Volume Declines Dramatically
Totaling just $7.33 billion, sponsored middle market loan volume reached a six-year low in the first quarter — exceptionally weak even when viewed against the traditional seasonal pattern of lighter volume. On the heels of a sluggish year in 2015, we remained cautious in our outlook for the new year; yet, volume dropped more precipitously than expected. Sponsored issuance was down 45% from Q4/15 and 31% on a year-over-year basis (see Figure 1).
The Story Behind the Slump
A number of factors contributed to the Q1 slowdown. U.S. private equity investment is clearly experiencing a lull. Although add-on acquisitions remained comparatively stable in Q1/16, LBO volume dropped 55% quarter over quarter and 49% year over year (see Figure 2).
The decline in transaction activity can be partly attributed to mismatched expectations between buyers and sellers. From a buyer’s perspective, few could justify paying for valuations based on peak EBITDA in a slowing economy — especially when faced with more expensive financing due to rising yields. On the other hand, heavy competition from strategic acquirers helped reinforce the belief among high quality sellers that they still held the upper hand.
All of this unfolded against the backdrop of a weakening macroeconomic picture. Fluctuating oil prices and credit woes in energy and commodities, combined with concerns of spillover effects from slowing global growth, rattled investors who were already uneasy heading into 2016. Factor in a particularly unpredictable election year and ongoing debate over central bank policy response, and confidence has faltered even more.
Demand Takes a Breather
Also playing a role are investor challenges, which range from a lack of liquidity in the CLO and BDC markets to a general slowdown in fundraising among private debt vehicles. For instance, private debt capital formation totaled just $3.9 billion in Q1/16 — a lackluster pace that failed to match the rapid expansion of $91 billion seen for all of last year (1).
Likewise, anemic CLO issuance undermined demand, although it did gather momentum as the quarter unfolded. Cumulative Q1/16 issuance stood at $8.2 billion, a pronounced decline from $29.8 billion for the same period last year (2).

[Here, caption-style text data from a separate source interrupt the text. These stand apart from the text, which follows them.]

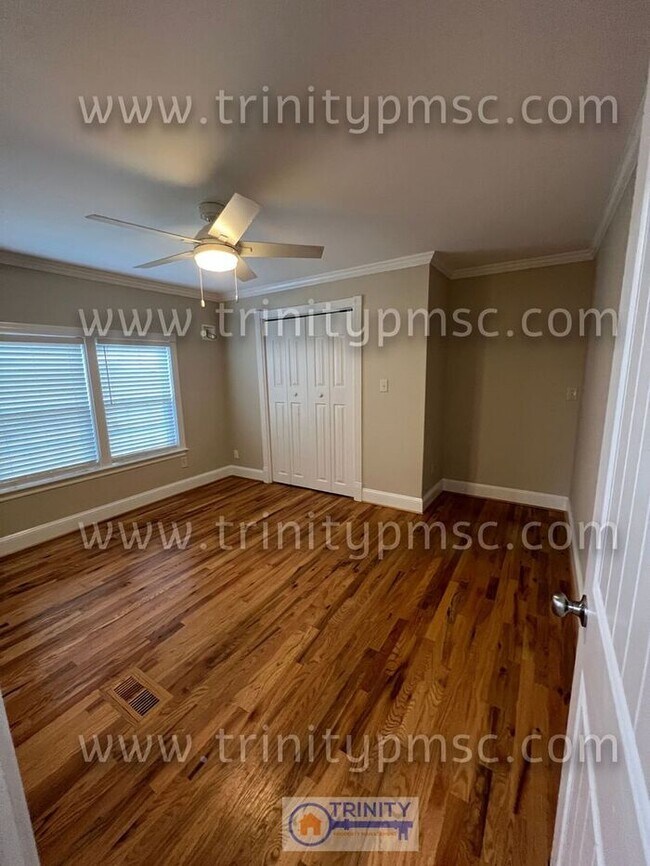Building Photo - NEWLY UPDATED!! Ready and waiting for you!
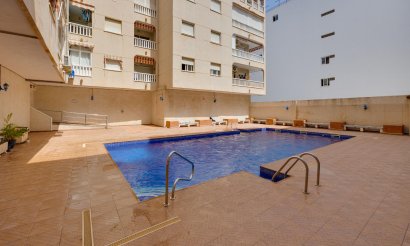 Resale - Apartment / flat - Torrevieja - Playa del Acequión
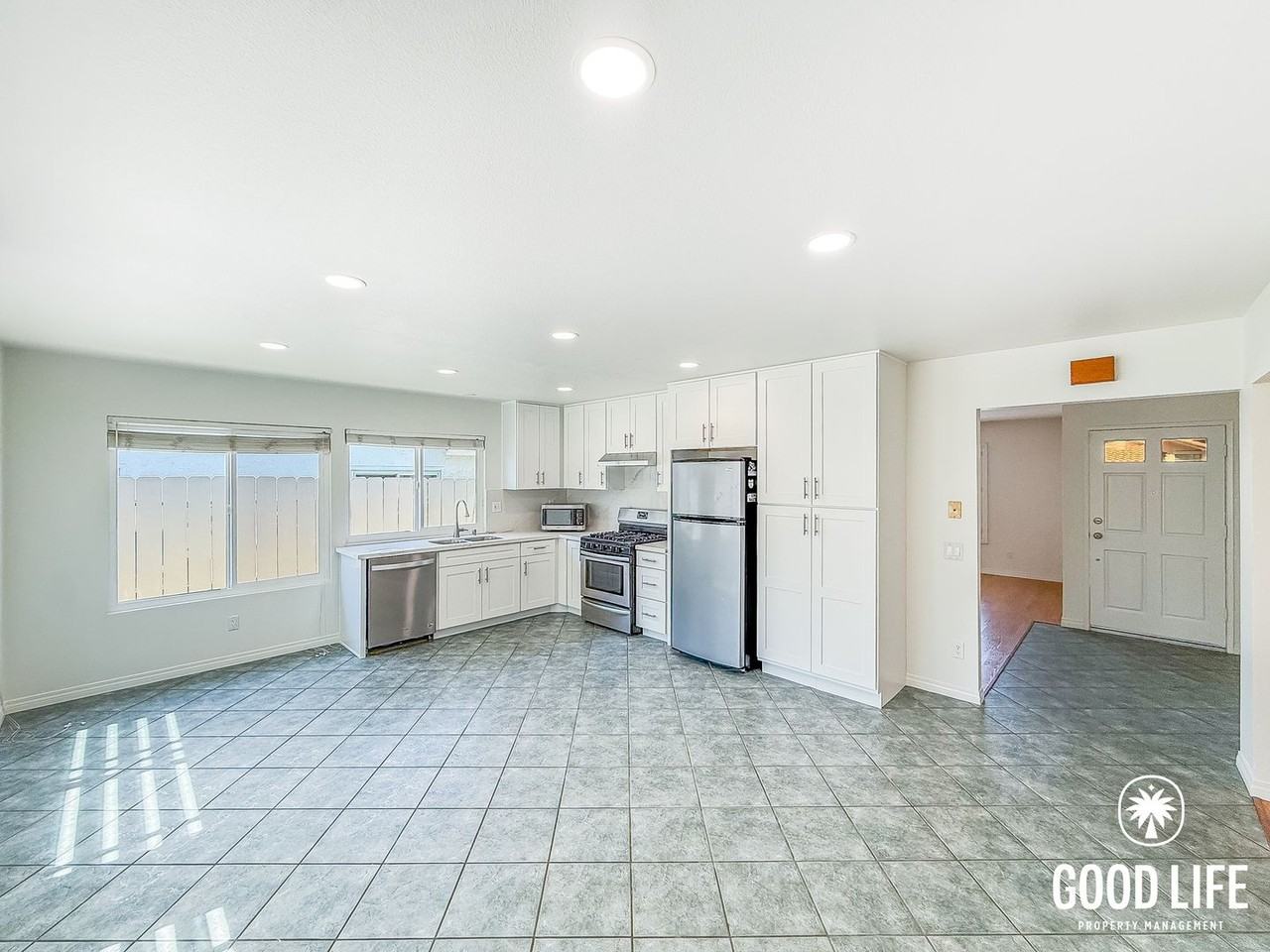 10243 Keoki St - Photo 4 of 15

Meanwhile, most of the BDC universe traded below book value, making it very difficult to grow via follow-on equity offerings. Finally, energy exposure at traditional banks stood in the regulatory cross- hairs, creating a risk-off mentality which diminished the appetite for credit (see Musical Chairs in the Middle Market below). In short, the cumulative impact on deal flow poses challenges; however, we believe it has also created opportunities for discerning lenders.
Proceed with Caution or Green Shoots Ahead?

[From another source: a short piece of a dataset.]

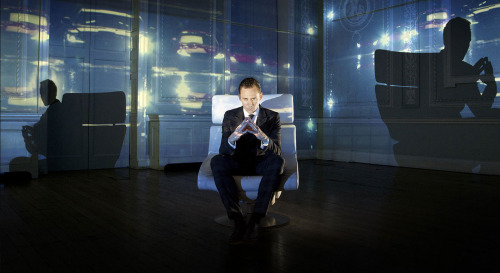 a-deliciously-hiddled-meatball:torrilla:Tom Hiddleston for Jaguar [HQ] Transparent VersionEXCUSE ME 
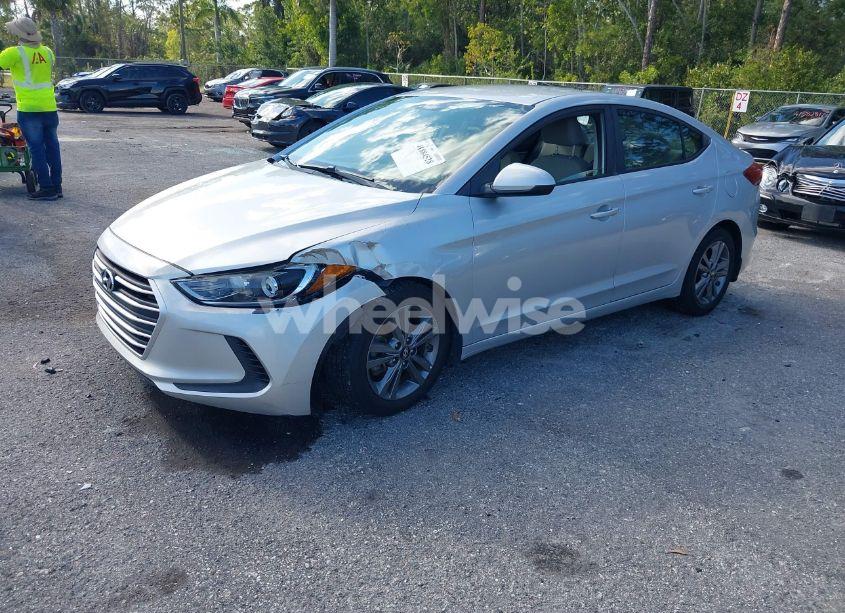 Photo 2 of 2018 Hyundai Elantra SEL (VIN 5NPD84LF9JH310265)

As the quarter drew to a close, the overall leveraged loan market appeared to regain some stability, aided by renewed confidence in U.S. economic expansion, a strong rally in global equities and a rush of inflows into the high yield bond market.
We believe this general improvement in sentiment bodes well for the middle market, which tends to follow suit. Based on our pipeline activity, we remain hopeful for a brisker pace of private equity M&A activity in the quarters ahead. However, our expectations for a material increase from today’s depressed levels are tempered by our outlook for lackluster volume for the year as a whole.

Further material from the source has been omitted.